Using Django Sites Framework

Django Google SSO supports the Django Sites Framework, allowing you to have different SSO configurations for different sites in your Django project.

How It Works

Most configuration settings in Django Google SSO can now accept either a direct value or a callable function that receives the current request and returns the appropriate value for the current site.

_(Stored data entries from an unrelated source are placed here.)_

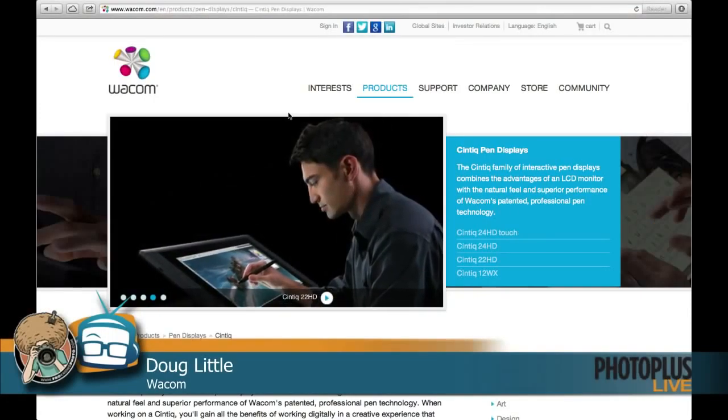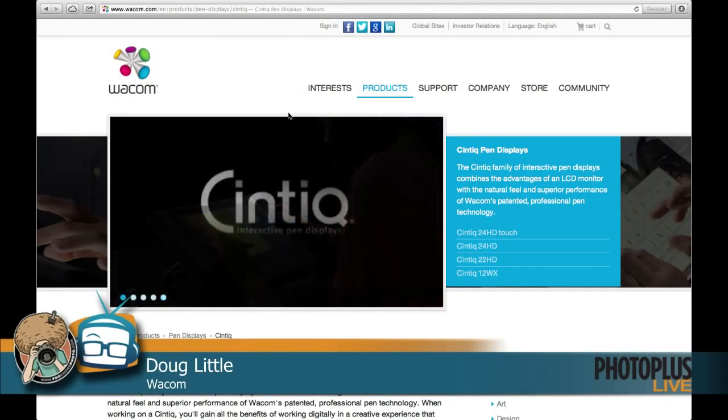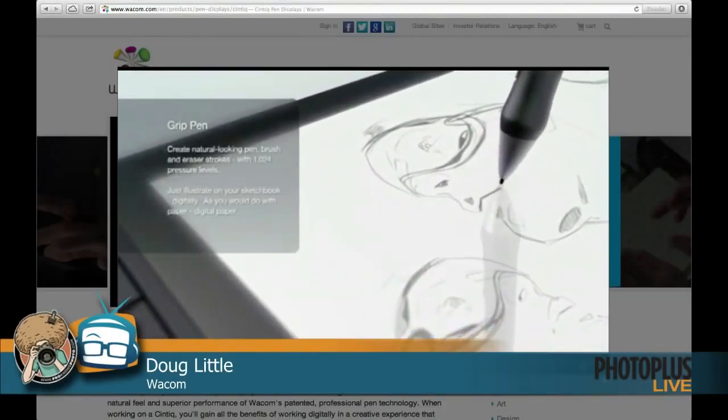And then you'd see the Cintiq screens. Tell us about the Cintiq. We actually have two new Cintiqs at the show this week, so if you're swinging by our booth, it's 1235 at the back of the hall. A Cintiq is an interactive pen display. So instead of using one of our desktop tablets, you're actually working directly on screen — working on the image. It is a monitor that you can draw right on. It becomes your human interface with your computer and everything you're working with.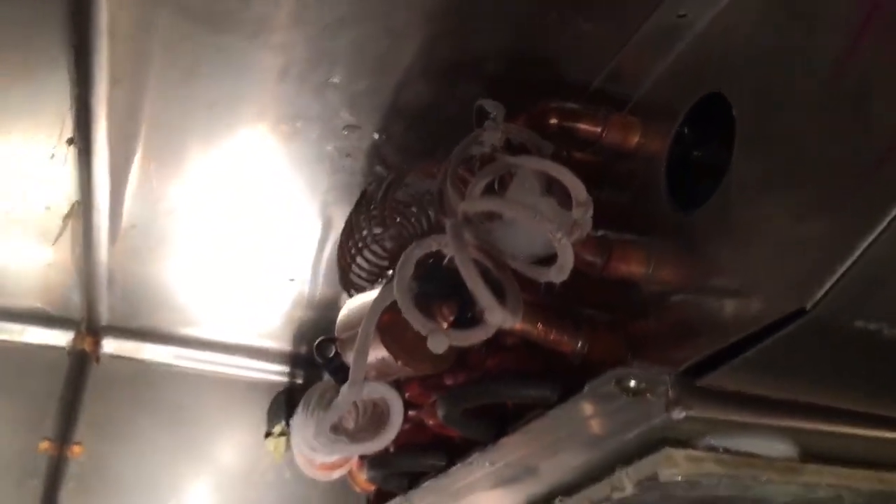Just thought you guys would like to see that one — that's a pretty interesting case. No feeding on that call at all. Click like on the video and subscribe if you could. Thanks.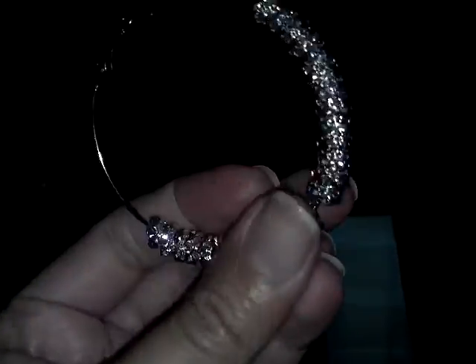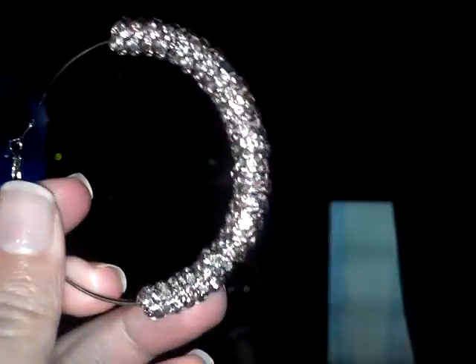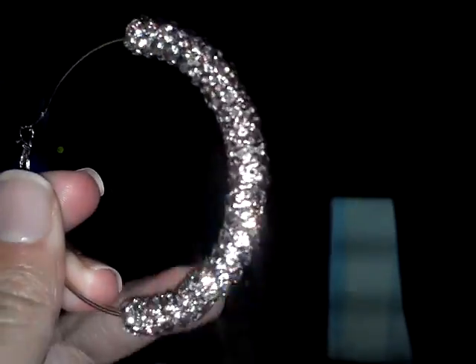I made some earrings kind of like the Basketball Wives earrings — these little spacers. They're called crystal Rondell spacers. They are eight millimeter spacers.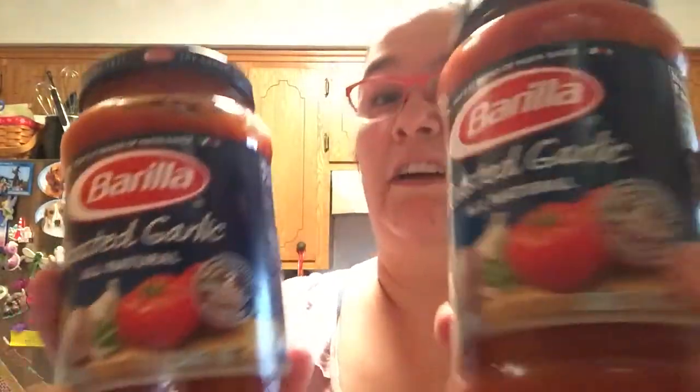Hello! So it's part four of what I bought at the grocery store. I was making chicken parm tonight, so I had to get a pasta sauce. These were on sale for $5, and I really like roasted garlic. I'm going to use one of these for supper tonight and one for some other time.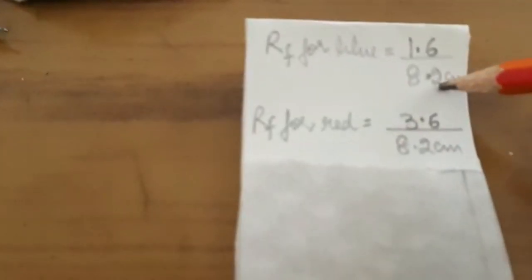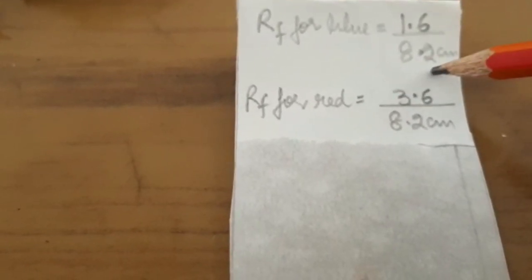I measure the distance to the center of the red spot and the center of the blue spot. The Rf factor — also called the retention factor or retardation factor — for blue ink is measured as the ratio of the distance moved by blue ink, which is 1.6 cm from the baseline, divided by the distance moved by the solvent front, which is 8.2 cm.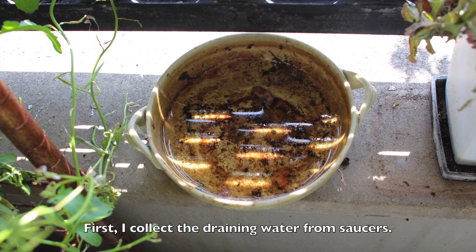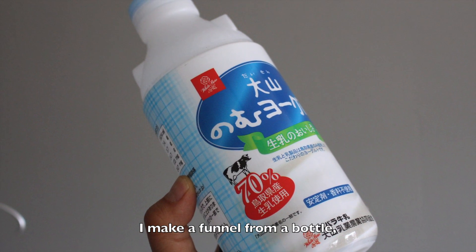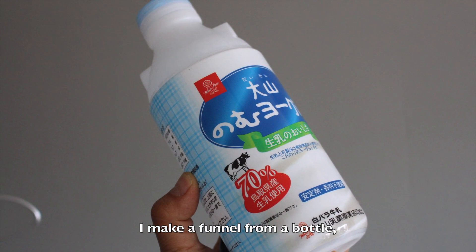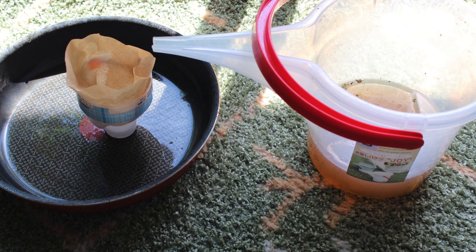First, I collect the draining water from saucers. I make a funnel from a bottle, then filter the water with a coffee filter.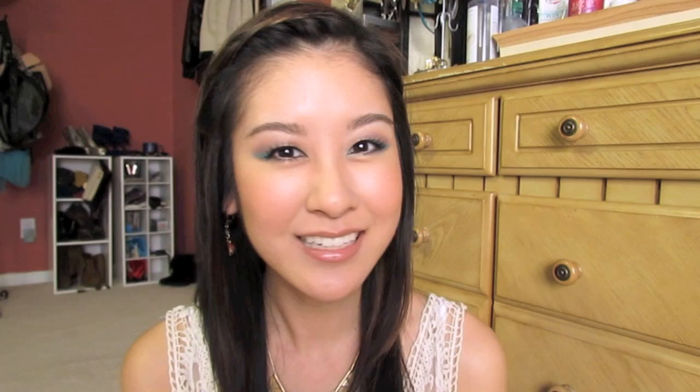I'm giving away two more palettes personally from me. This isn't a sponsored giveaway, but there will be a sponsored one coming up soon — so keep an eye out for that one as well. Good luck. Bye everyone.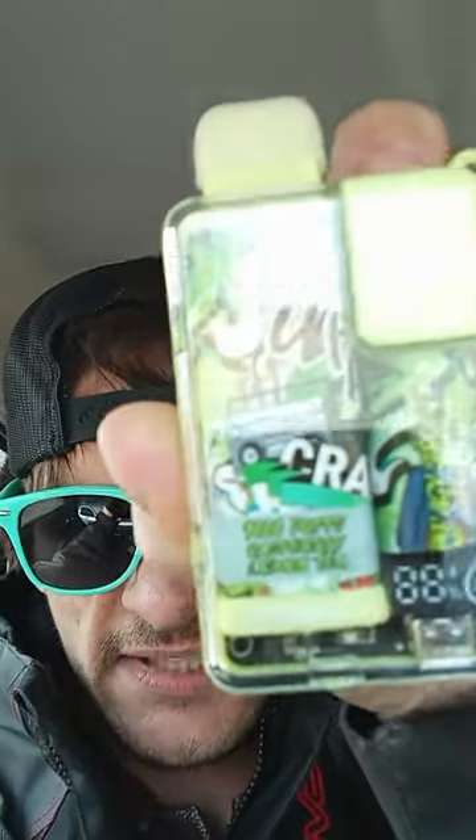These are 9,000 puffs, by the way. Smart device too, if I didn't say that. It's all digital on the bottom — it actually looks really cool. It's got kind of like an Orion bar look to it as far as the designs. But yeah, check that out.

This means you can dynamically determine configuration values based on the current site being accessed, enabling scenarios like:

  • Different Google OAuth credentials per site
  • Different user creation policies per site
  • Different session timeouts per site

Setup

  1. First, ensure the Django Sites Framework is properly configured in your project:
# settings.py
INSTALLED_APPS = [
    # ...
    'django.contrib.sites',
    'django_google_sso',
    # ...
]

SITE_ID = 1  # Default site ID

  1. Create your sites in the Django admin or via migrations.

  2. Configure Django Google SSO settings as callables that return different values based on the current site:

# settings.py
from django.contrib.sites.shortcuts import get_current_site

def get_client_id(request):
    """Return different client ID based on the current site."""
    site = get_current_site(request)

    # Map site domains to client IDs
    client_ids = {
        'example.com': 'client-id-for-example-com',
        'other-site.com': 'client-id-for-other-site',
    }

    return client_ids.get(site.domain, 'default-client-id')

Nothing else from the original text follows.